The Golem and the Jinni, Helene WeckerFor most refugees, losing a spouse halfway through the journey to America would be horrible. For Chava, it is almost world-ending. Not because she loved her husband, but because she was his servant. Chava is a golem, a being sculpted from clay and given life with dark magic.

Ahmad once roamed Syria like a god, reshaping his form at will and exploring the minds of the humans who crossed the country’s vast deserts. Endless powers, yet he still found himself outsmarted, imprisoned in a copper flask for centuries. Even once released from the flask, Ahmad is still trapped in physical form by an unbreakable iron band.

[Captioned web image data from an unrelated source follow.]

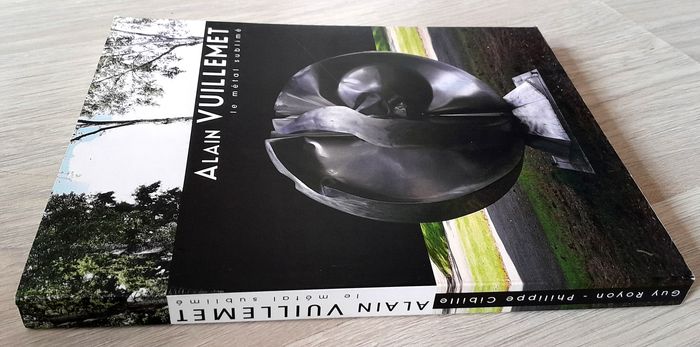 Alain Vuillemet le métal sublimé - photo numéro 2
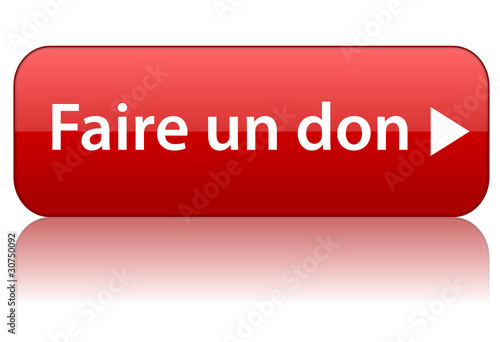 Bouton Web "FAIRE UN DON" (donner argent contribution aide)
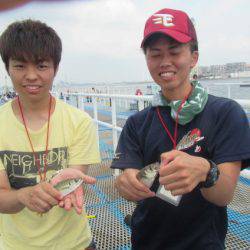オリジナルメーカー海づり公園(市原市海づり施設) 釣果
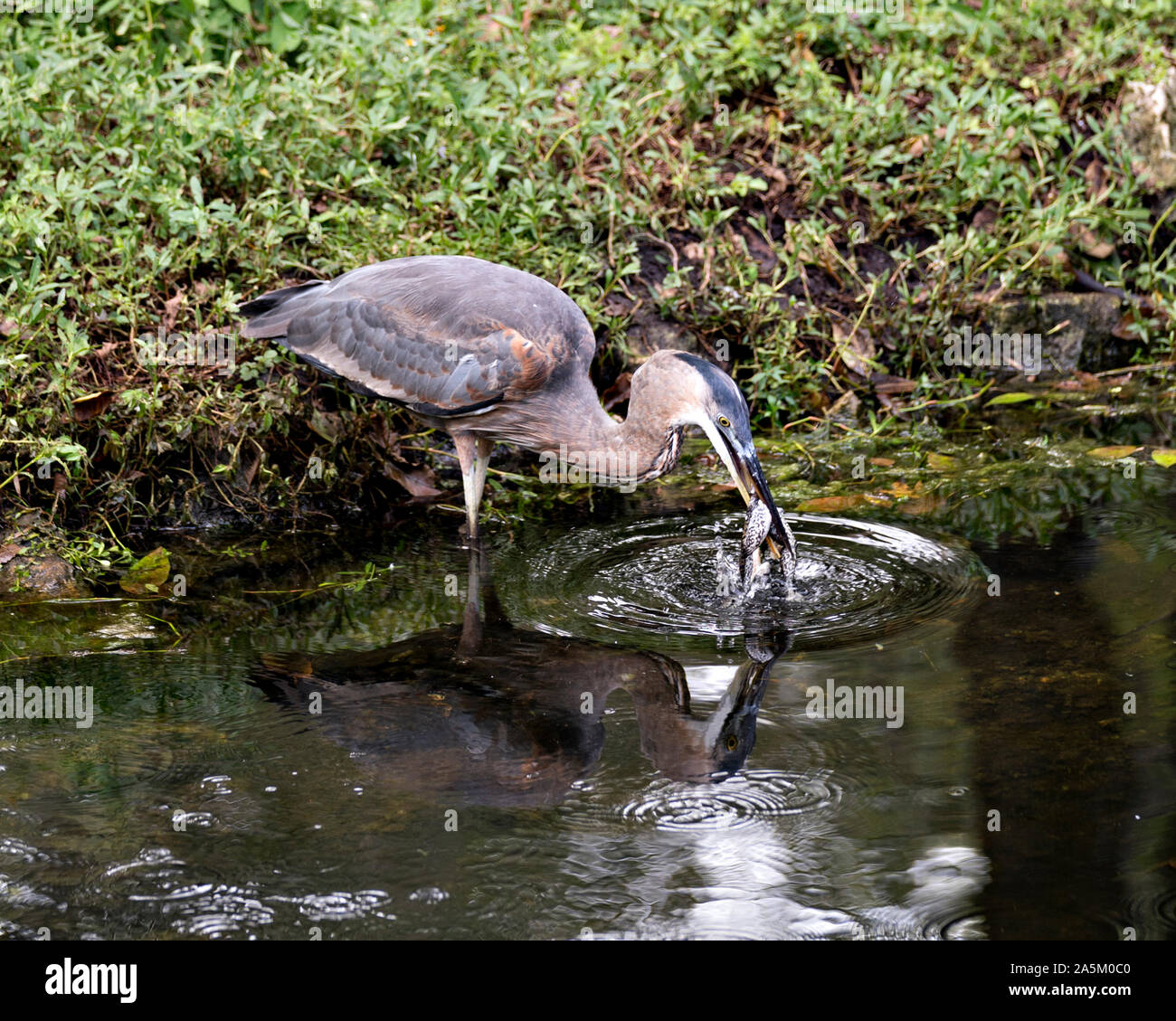 Blue Heron Vogel durch den Fluss und Essen ein Frosch mit seinem Spiegelbild im Wasser in seiner Umwelt und Umgebung. Stockfoto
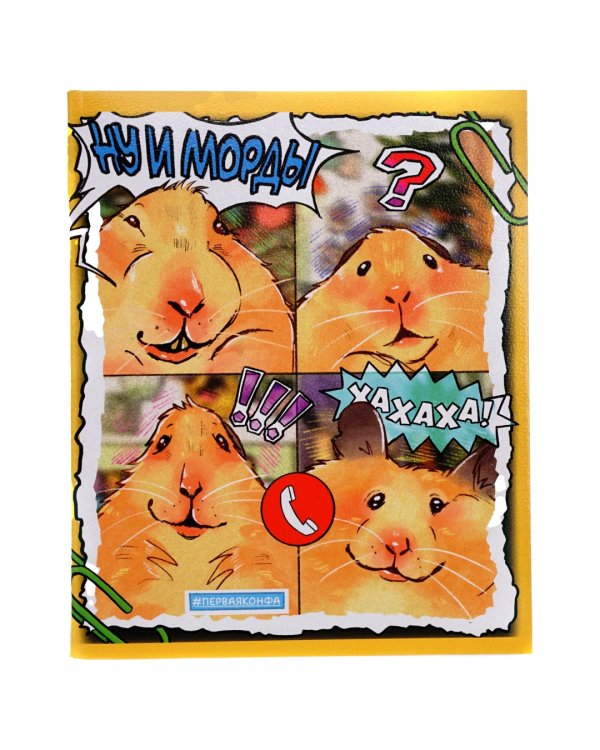 Тетрадь Хомяк Хома, 48 листов, клетка, в ассортименте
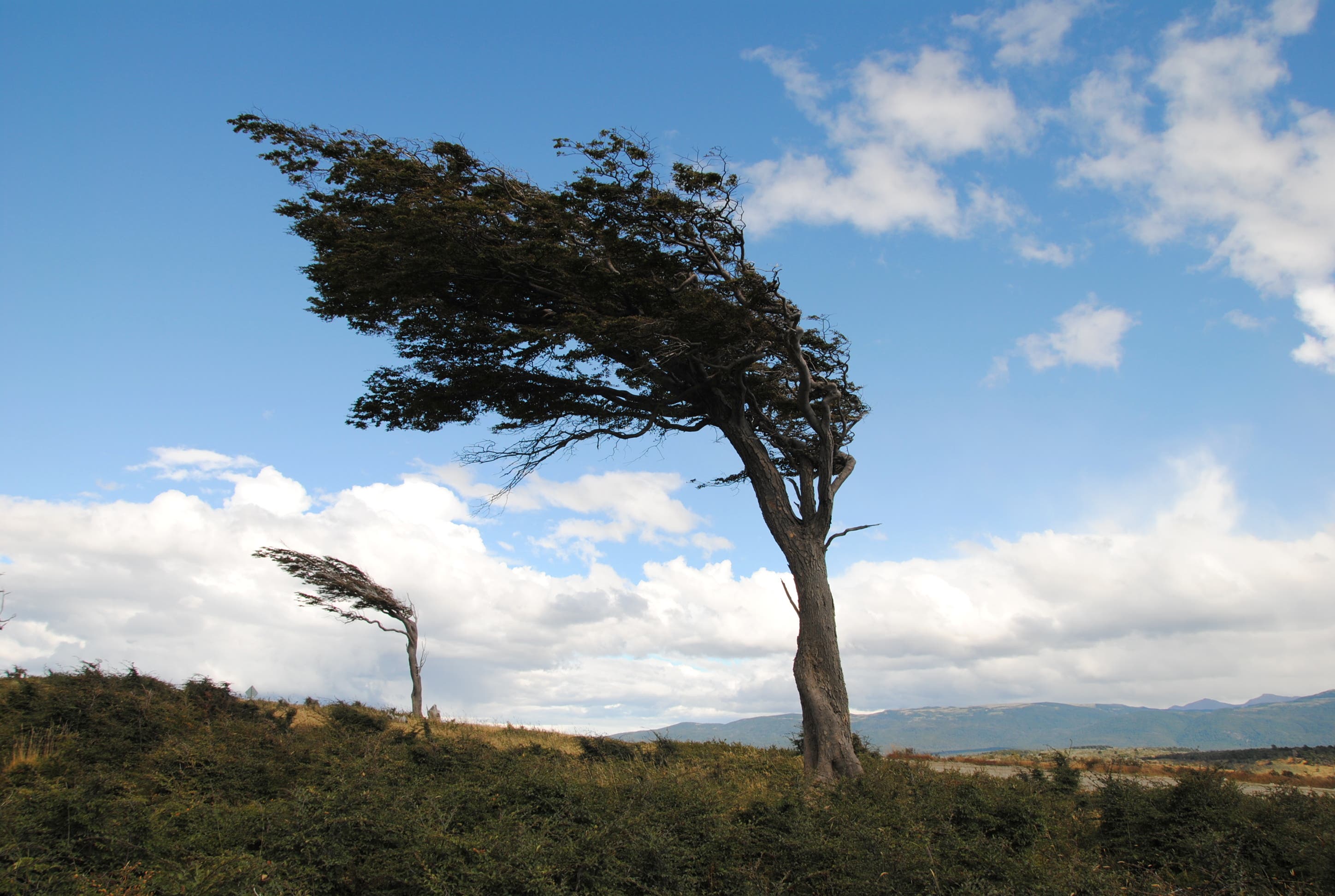 Pee into the wind. 10 Things You Should Never Do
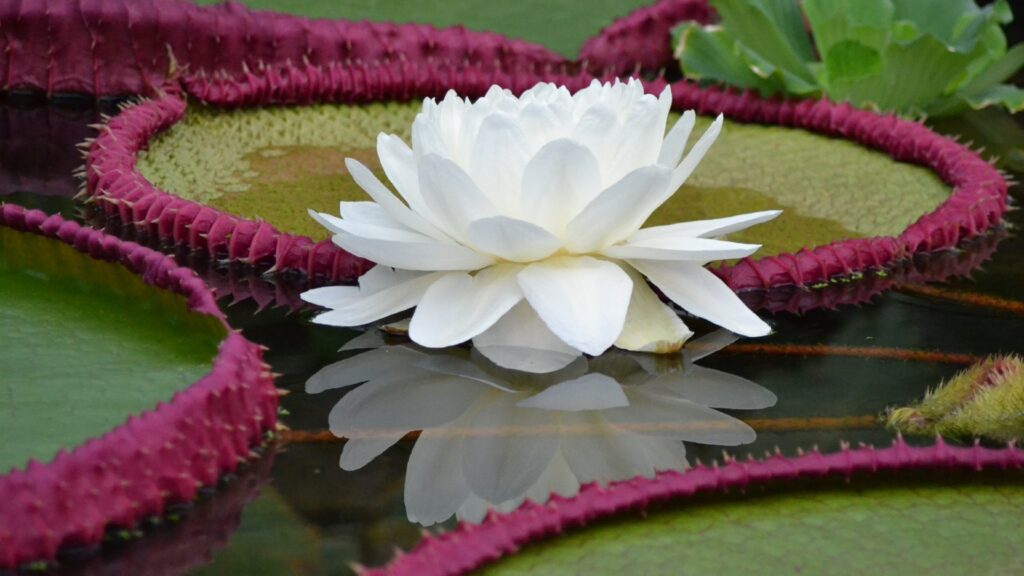 La fleur de V.boliviana, qui ne fleurit que deux nuits d'affilée // Source : RBG Kew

In a city of millions, these impossible creatures meet. And in a few horrifying moments, Chava and Ahmad are bound together in a way they could never have imagined. Someone else knows who they are, and will stop at nothing to bring them under his control.

A glorious debut

I loved The Golem and the Jinni. The plot is excellent, with several well-placed twists and an ending that’s just the right mix of bitter and sweet.

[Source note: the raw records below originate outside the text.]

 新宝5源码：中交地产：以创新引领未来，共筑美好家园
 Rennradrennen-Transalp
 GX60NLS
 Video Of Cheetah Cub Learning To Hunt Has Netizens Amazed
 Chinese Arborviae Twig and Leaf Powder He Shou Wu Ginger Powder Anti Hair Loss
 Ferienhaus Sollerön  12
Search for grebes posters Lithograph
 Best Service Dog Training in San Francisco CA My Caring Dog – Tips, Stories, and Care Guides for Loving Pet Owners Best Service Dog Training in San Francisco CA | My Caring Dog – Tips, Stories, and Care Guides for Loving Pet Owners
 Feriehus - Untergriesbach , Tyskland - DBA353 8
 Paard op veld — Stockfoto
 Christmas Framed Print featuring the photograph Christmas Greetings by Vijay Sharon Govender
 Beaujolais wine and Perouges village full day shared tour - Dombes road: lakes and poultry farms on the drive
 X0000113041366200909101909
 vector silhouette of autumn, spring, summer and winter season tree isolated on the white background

But in many ways the facts of the story are secondary; Helene Wecker’s novel is a master class in character study.

Just like humans do, Chava and Ahmad spend a great deal of time puzzling over their origin and purpose. Do they have souls, can they go against what nature has made them, are they purposeless without a master?

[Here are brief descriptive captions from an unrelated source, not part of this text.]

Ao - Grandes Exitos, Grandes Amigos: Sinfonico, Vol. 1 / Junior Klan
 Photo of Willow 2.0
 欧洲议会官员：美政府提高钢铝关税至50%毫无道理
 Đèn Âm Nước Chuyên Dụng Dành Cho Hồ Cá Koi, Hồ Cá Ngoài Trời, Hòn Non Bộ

Much of the tension in their friendship comes from their clashing views on life. Chava is cautious, solicitous, and afraid to explore her new world; Ahmad is hedonistic, and does what he wants without thinking about who might be affected.

Yet as their situation grows increasingly dangerous, we see them learn from each other. Chava becomes braver, and uses her ingrained curiosity more frequently; Ahmad learns to temper his desires and think further than five minutes ahead.

The Golem and the Jinni is an engrossing look at turn-of-the-century New York City, mythology, and superstition. It’s also cerebral, giving the reader plenty of ethical and moral dilemmas and thoughts to gnaw on and discuss. The story is beautifully written, keeping you on the edge of your seat until the very last page.

The next in the series, The Iron Season, hits shelves in 2018.

(I read this book as part of the Mount TBR Reading Challenge. It’s also my June book for the Monthly Motif Reading Challenge!)